July 28, 2014
Daniel Murphy:

> Sure, we could add a new construct (ie 'assume') to the language, and use that to pass information.  But are they really different?

Conflating the two concepts with a single name is a mistake that will cause troubles. Different features need different names or different syntax.

Bye,
bearophile
July 28, 2014
"bearophile"  wrote in message news:sfgfebbskhatxqlzthpr@forum.dlang.org...

> Conflating the two concepts with a single name is a mistake that will cause troubles. Different features need different names or different syntax.

Did you read the rest of my post?  Assert already fits this feature, we just don't take advantage of it like we could. 

July 28, 2014
On Monday, 28 July 2014 at 15:52:23 UTC, John Colvin wrote:
>> If asserts were used as optimization constraints
>
> all available code is fair game as optimisation constraints. What you are asking for is a special case for `assert` such that the optimiser is blind to it.

Yes, because they are not to have side-effects. If asserts change behaviour, then they have side-effects.

You add "asserts" as a weak form for verification of partial correctness. That is based on the probability of not repeating the same mistake twice being less than specifying it once implicitly in the executed code. Then you test it with limited coverage of potential inputs.

That means:

1. you don't know if the specified program is correct
2. you don't know if the partial verification (which is weak) is correct
3. you don't know if 2. contradicts 1.

Then you remove the verification test in release.
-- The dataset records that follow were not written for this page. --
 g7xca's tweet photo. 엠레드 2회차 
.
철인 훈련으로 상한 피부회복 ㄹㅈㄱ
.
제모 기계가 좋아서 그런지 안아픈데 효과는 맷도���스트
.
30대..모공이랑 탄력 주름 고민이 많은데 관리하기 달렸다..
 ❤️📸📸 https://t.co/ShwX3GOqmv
If you then continue to assume that 2. is true then you are potentially worse off than just having 1. You basically introduce contradictions by having a high probability of using facts that are not represented in the specified program (unless you have formally proven the facts to hold, no partial testing can cover this).

> Why should the situation be different if I use the builtin `assert` instead?
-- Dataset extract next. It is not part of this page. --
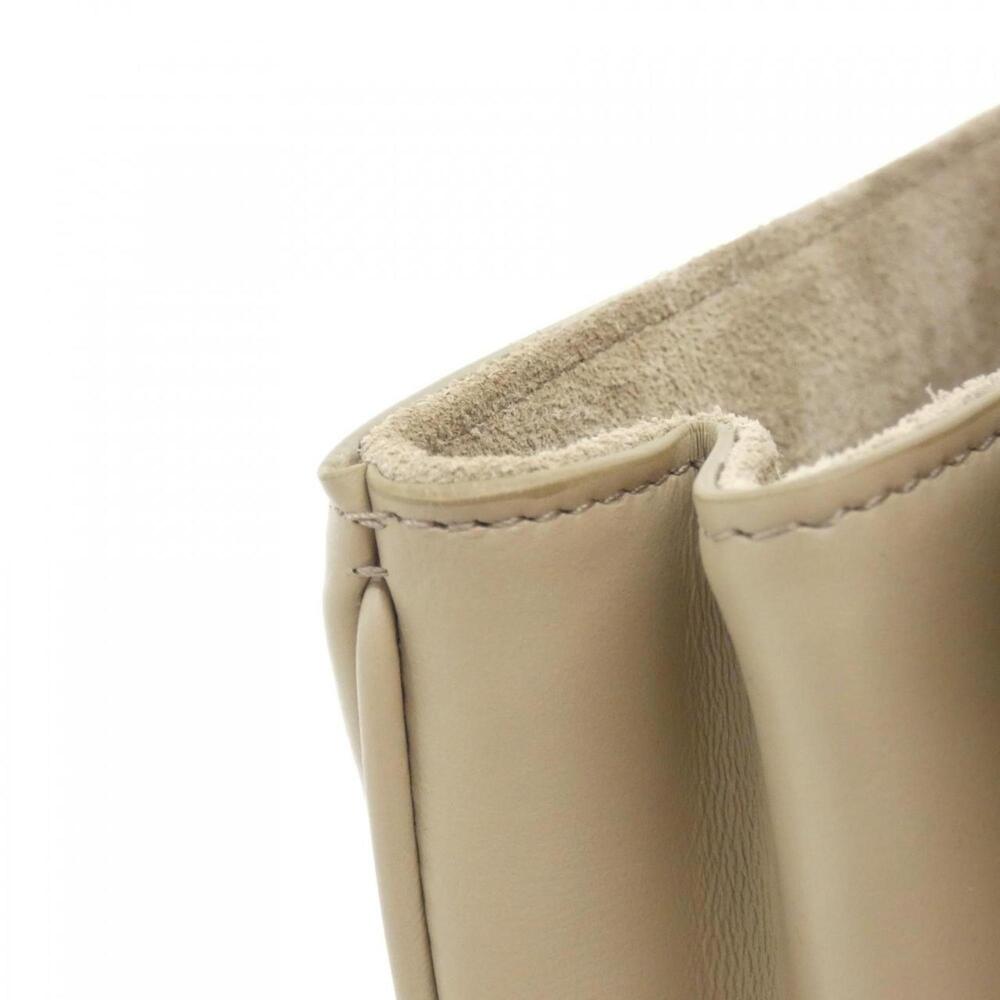 Celine Teen Soft 16 Shoulder Bag 196853CR4 - Picture 4 of 7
No difference. Except with a builtin you can get additional debugger support, so that you don't have to recompile when following a complicated trace that trigger asserts.
July 28, 2014
On Monday, 28 July 2014 at 19:16:24 UTC, Ola Fosheim Grøstad wrote:
>> Why should the situation be different if I use the builtin `assert` instead?
>
> No difference. Except with a builtin you can get additional debugger support, so that you don't have to recompile when following a complicated trace that trigger asserts.

Well, actually, that is not correct. There are other advantages too.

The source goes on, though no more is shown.